Le pouvoir algérien entend continuer à être le maître du jeu malgré le soulèvement populaire qui souhaite peser sur le cours des événements. Alors que l’armée refuse que le contexte de vacance structurelle de la présidence de la République s’éternise, la rue réclame le départ de la nébuleuse qui tient les commandes.
Le vendredi, jour de grande manifestation depuis bientôt trente-quatre semaines. Ce 11 octobre, un dispositif policier d’envergure dans les rues du centre d’Alger et des barrages déployés sur les routes menant à la capitale fractionnent les foules souhaitant renforcer le cortège. Les manifestations hebdomadaires ont chuté de centaines de milliers au printemps à des dizaines de milliers maintenant, mais restent un défi substantiel pour les autorités avant le vote du 12 décembre. Avec plus de policiers lors des manifestations et en arrêtant des personnalités de l’opposition, les autorités ont renforcé la pression sur les protestataires ces dernières semaines.
Les autorités électorales ont appelé cette semaine les manifestants à aider à superviser le vote afin d’en garantir la transparence, ce qui est considéré comme la plus récente des tentatives visant à calmer la rue. Le mouvement de protestation, sans chef autoproclamé, a rejeté toute participation à ces échéances aussitôt que des alliés de l’ancien président Abdelaziz Bouteflika sont toujours au pouvoir, affirmant qu’elles ne peuvent être ni libres ni équitables dans cet état des choses. Dans un pays où les disparités et les inégalités sociales demeurent considérables, le pouvoir cherche à reprendre l’initiative politique face à la rue qui fait entendre ses revendications depuis plusieurs mois.
Abdelaziz Bouteflika a démissionné en avril à la suite des manifestations de masse qui ont éclaté en février, exigeant le retrait de l’élite dirigeante et la poursuite des personnes soupçonnées de corruption. L’armée, acteur principal de la politique algérienne depuis la démission de Bouteflika, a répété à maintes reprises que les élections seraient le seul moyen de sortir de la crise, en promettant que l’autorité électorale était habilitée à assurer l’organisation d’élections transparentes.
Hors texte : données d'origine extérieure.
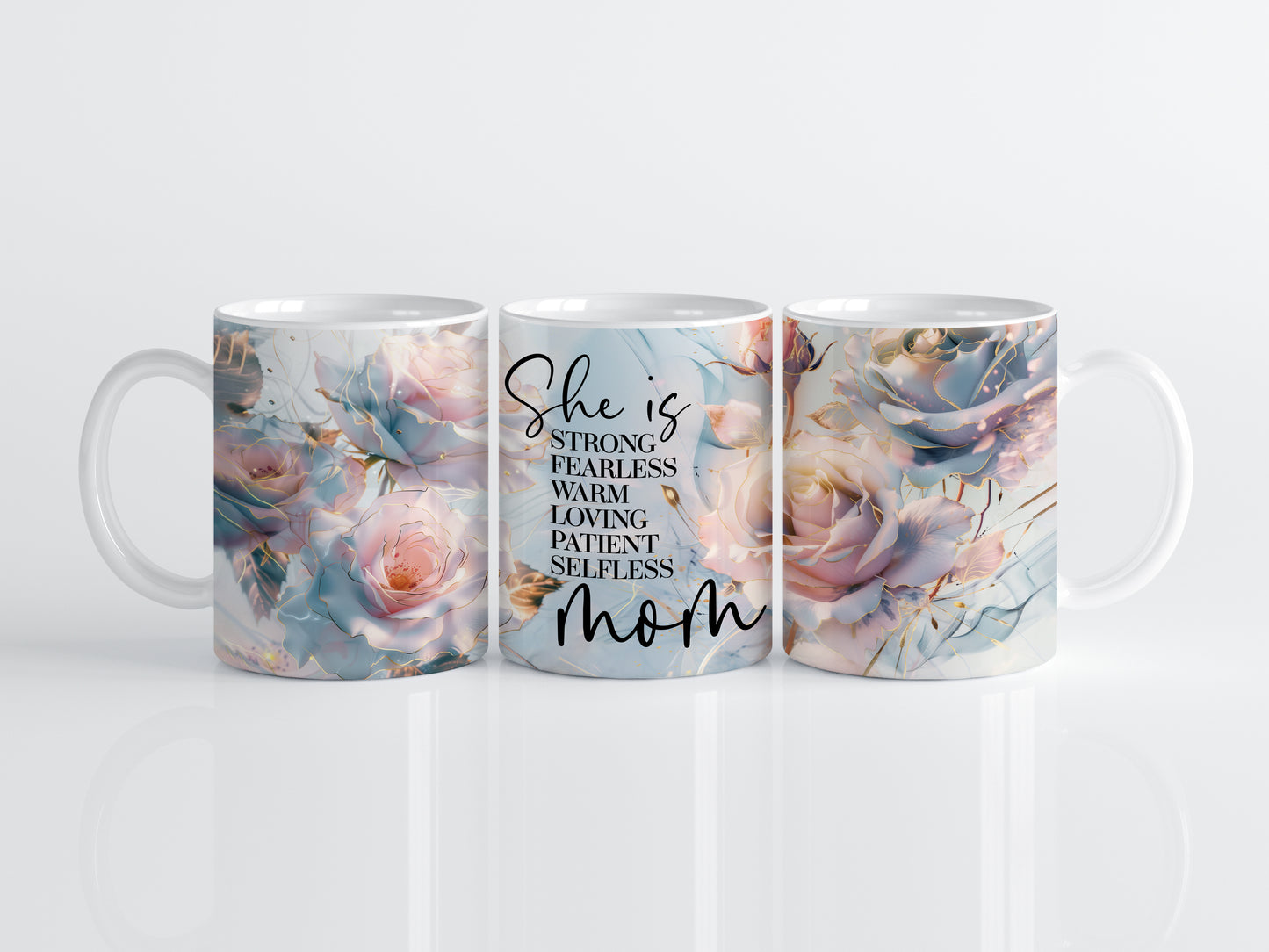 Flower Mom Ceramic Mug, Strong and Selfless Mother's Day Tea Cup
« Les élections constituent un événement historique et décisif », a déclaré le chef de l’autorité électorale, Mohamed Charfi, cette semaine, avant d’ajouter que «Les jeunes du hirak (mouvement de protestation) sont invités à participer à la supervision du processus depuis les bureaux de vote, ainsi qu’au suivi des opérations et du dépouillement».
Cette annonce fait suite à l’arrestation de certaines personnalités de l’opposition qui ont soutenu les manifestations dans un mouvement jugé antidémocratique par les opposants. Le 10 octobre, Abdelwahab Fersaoui, président du Rassemblement action jeunesse (RAJ), une association activement impliquée dans le mouvement de contestation populaire en Algérie, a été interpellé par des policiers en civil à la fin d’une action organisée en soutien à des détenus d’opinion.
Plus de 139 personnalités, dont la plupart sont connues du public, ont déclaré qu’elles se présenteraient aux élections en promettant de rompre avec le système de Bouteflika.